Yet many small businesses neglect to perform the same level of credit analysis on their own customers. Whenever you deliver products without receiving payment upfront, you've entered into a financing arrangement with a customer. And that means you need to perform customer credit analysis to manage your financial exposure.

There are several ways to conduct customer credit analysis. It begins with collecting the information you need to properly evaluate the customers' credit worthiness. From there, you will need to apply a combination of evaluation strategies, keeping in mind that greater risks require closer analytical scrutiny.
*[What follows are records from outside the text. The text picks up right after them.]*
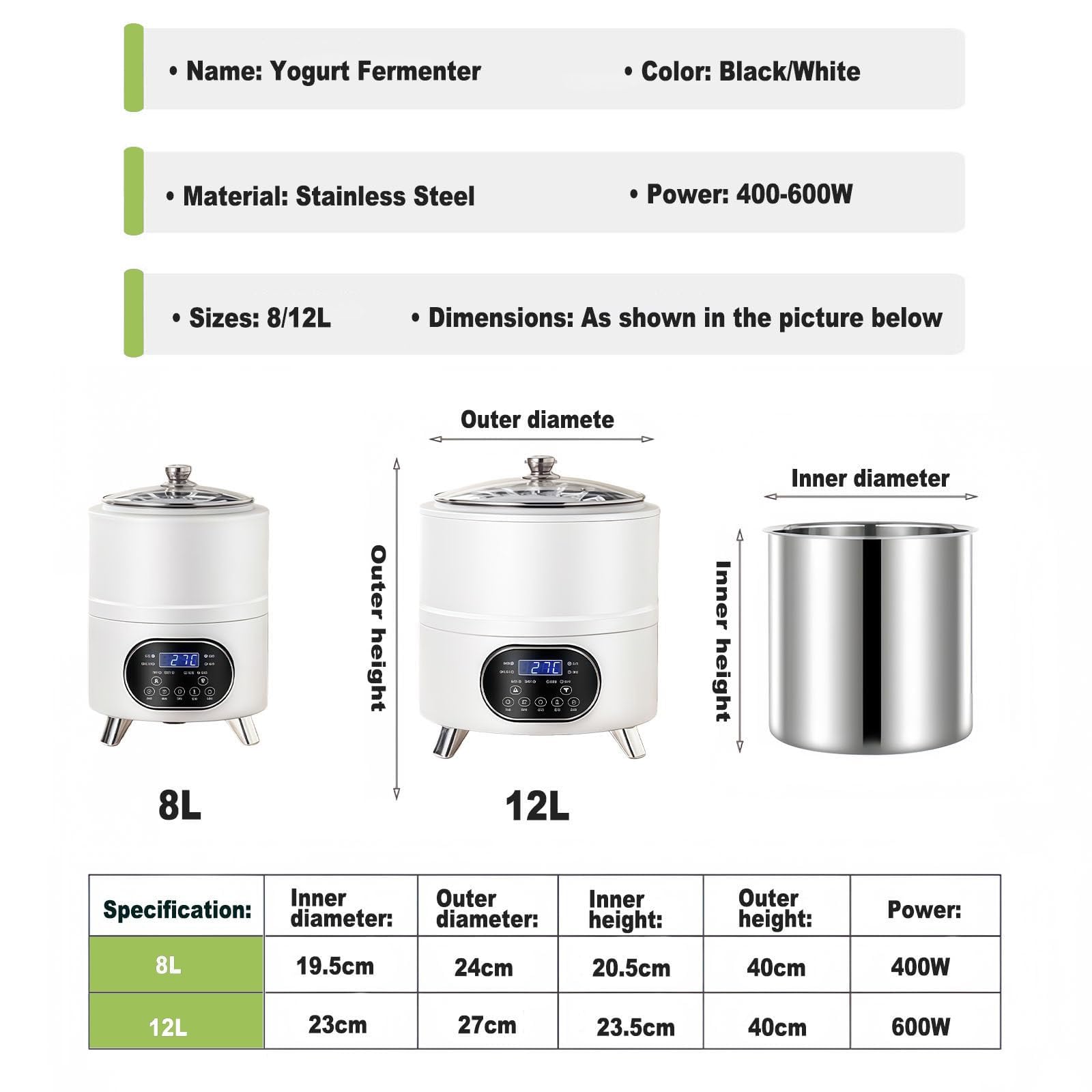 Yogurt Maker Con Display LCD 8L/12L – Riscaldamento 360°, Timer Digitale, Temperatura Regolabile, Design Smontabile, Potenza 400W/600W, Per Yogurt Bianco, Magro, Greco(White,12L)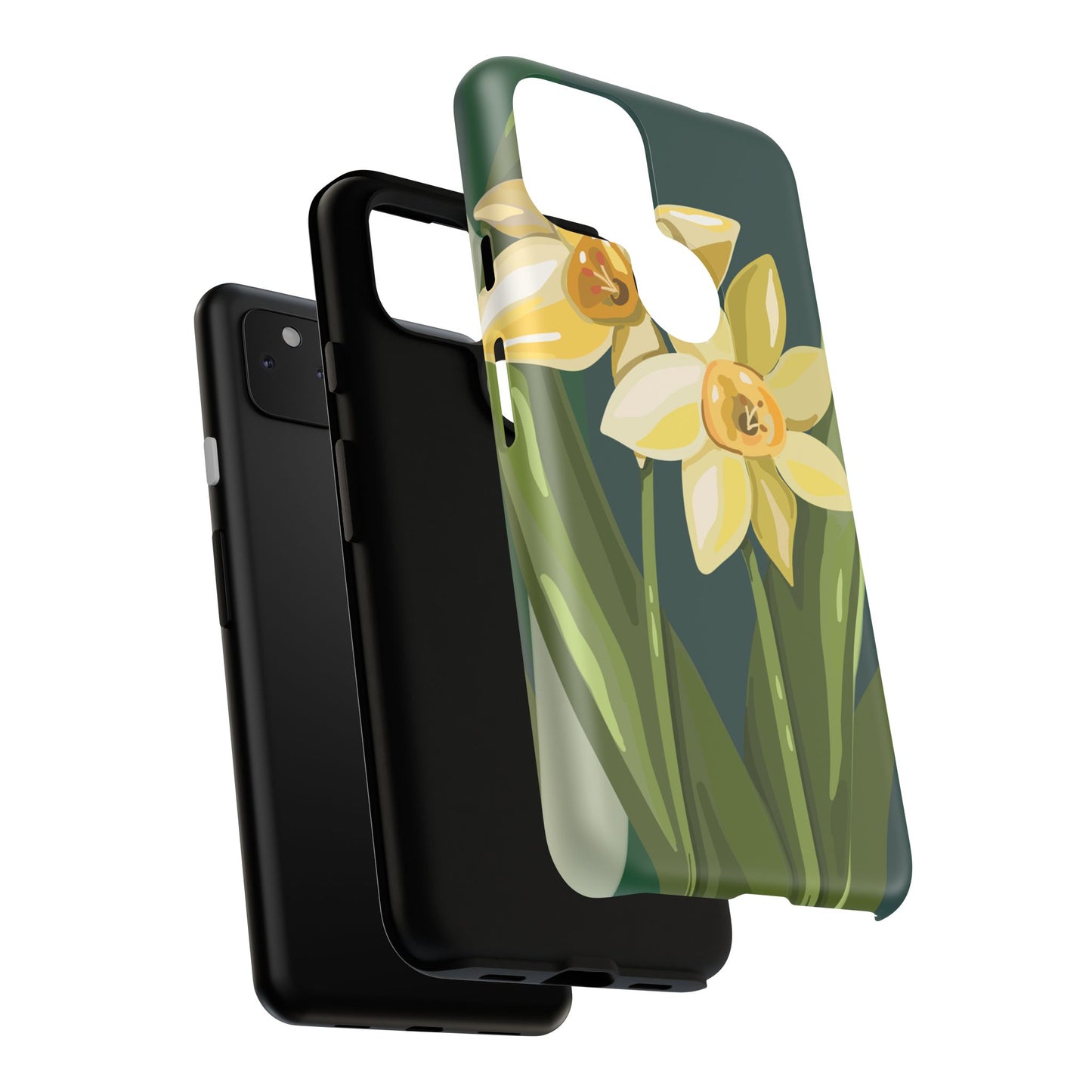 Floral Phone Case - Yellow Daffodil Design, Tough Phone Cover, Spring Decor, Floral Gift, Nature-Inspired Accessories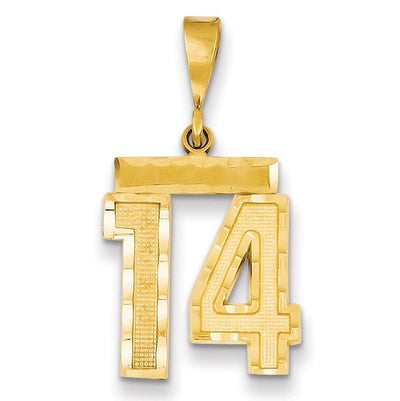 14K Yellow Gold Polished Diamond Cut Finish Medium Size Number 14 Charm Pendant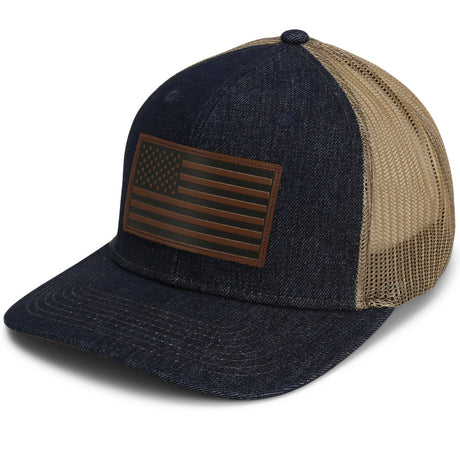 Denim Mesh Back American Flag Leather Patch Hat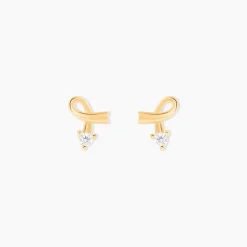Histoire d'Or Boucles D'oreilles Puces Alvina Ruban Or Jaune Oxyde De Zirconium* Boucles D'Oreilles|Clous D'Oreilles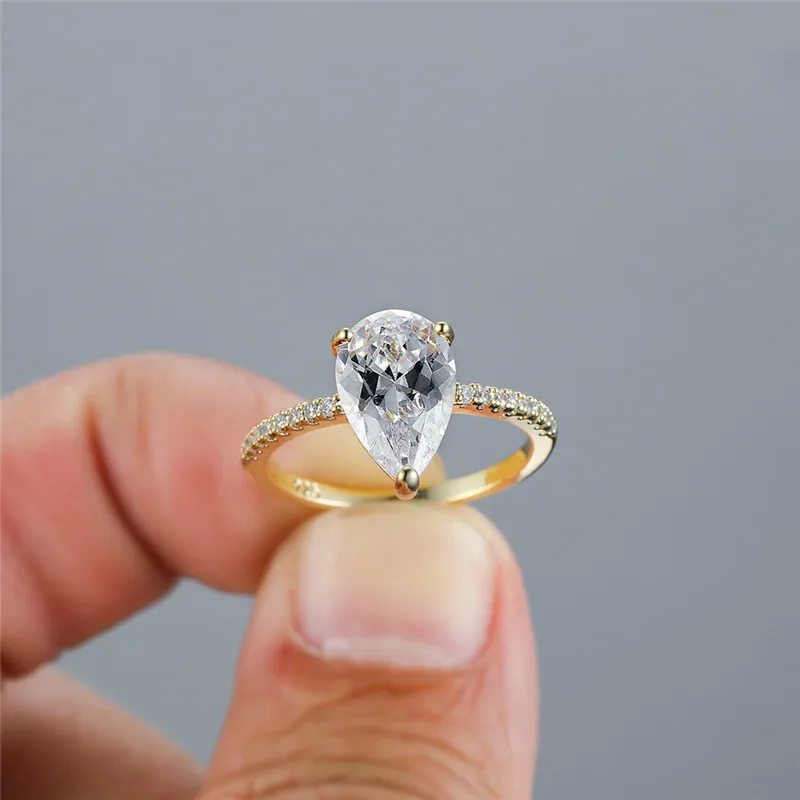 Простое модное кольцо с белым Цирконом в форме капли воды женское роскошное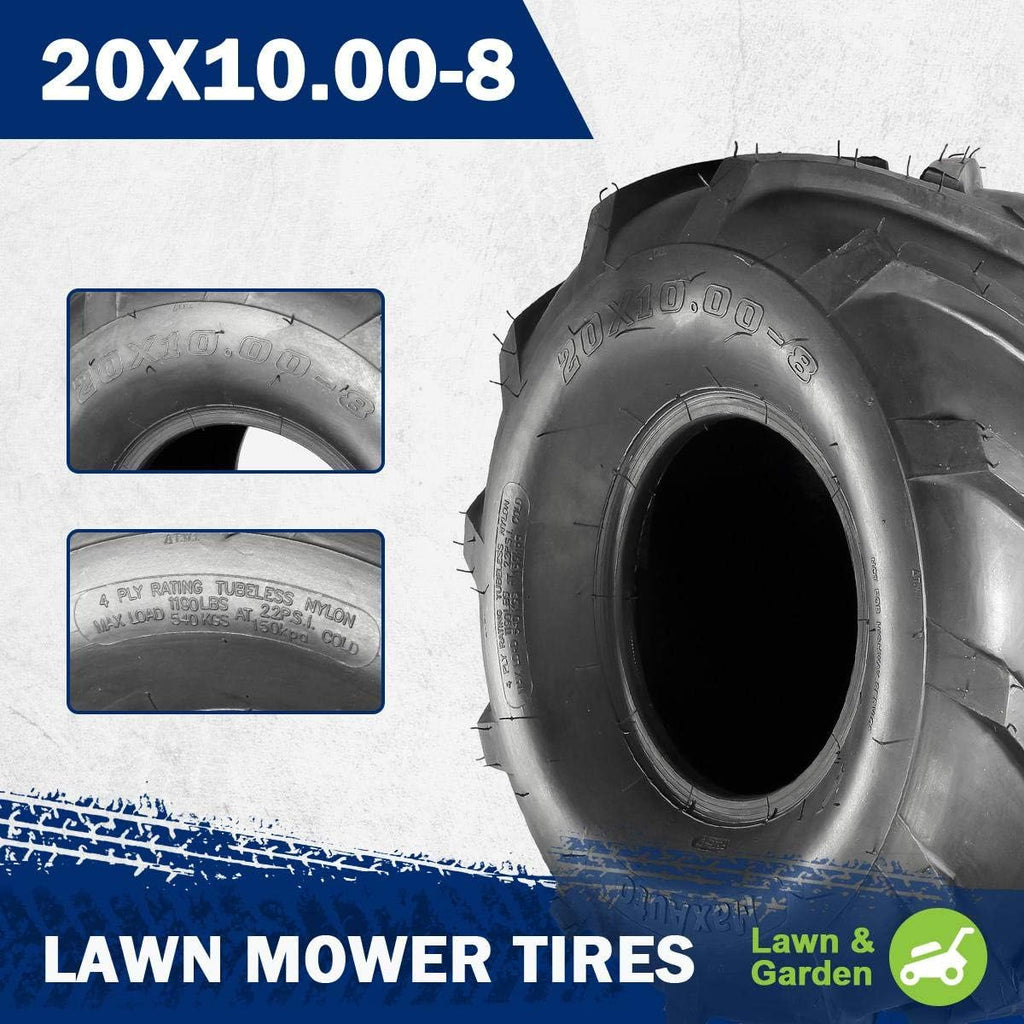 MaxAuto 20x10-8 Ag Lug Riding Mower Tires, 20x10.00-8 Garden Tractor Turf Tires, 20x10x8 Super Lug Ag Tractor Tire, 4Ply Tubeless, 1190lbs Capacity, Set of 2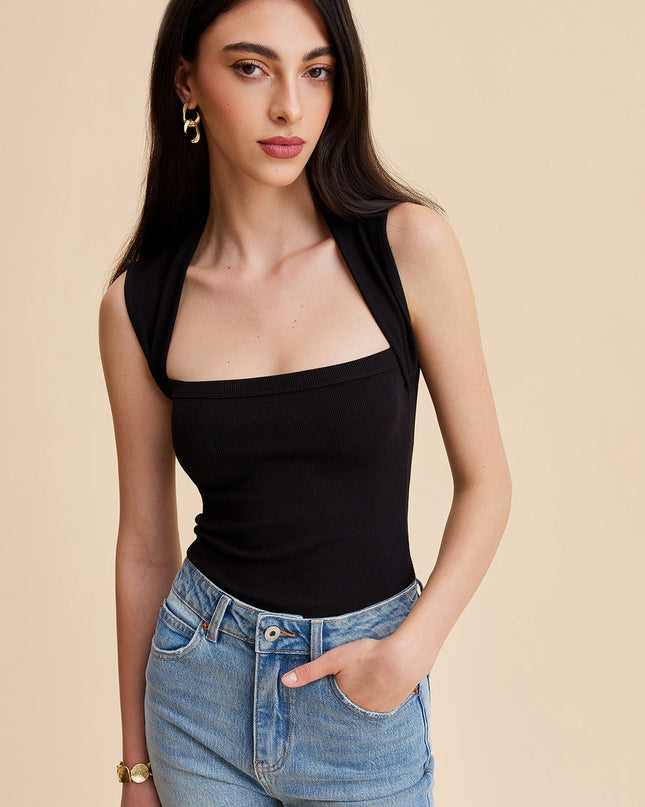 Geribbeld tanktopje met vierkante halslijn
  • Customer credit analysis form. A customer credit analysis form is the central vehicle for gathering information from customers who have requested a financing arrangement, even if the arrangement calls for a repayment period as short as a month. Data fields for these forms can include the official corporate or business name, officers, owner information, references, financial condition and other relevant information.
  • Credit reports. Credit reports are obtained through third-party providers. Although you have to pay for the report, you will get your money's worth with information about the customer's credit history, liens, judgments, lawsuits and a rating that evaluates your overall lending risk.
  • Credit references. Credit references can be another useful source of information about a customer's credit worthiness. But keep in mind that references may not tell the whole story. It's relatively easy to provide bogus references, so you will need to verify the information you receive through other sources.
  • Financial statements. It's easy to obtain financial statements from publicly traded corporations. Many of the businesses you deal with aren't publicly traded and may not have corporate financial records. However, it's still worth the effort to ask the customer for basic financial information, especially if you are extending a significant amount of credit.
  • Personal credit information. If your customer is a sole proprietor or a partnership, you will also need to evaluate the owner's personal credit information. If customers resist the idea of handing over personal data, explain that it's unavoidable since their personal and business finances are legally indistinguishable.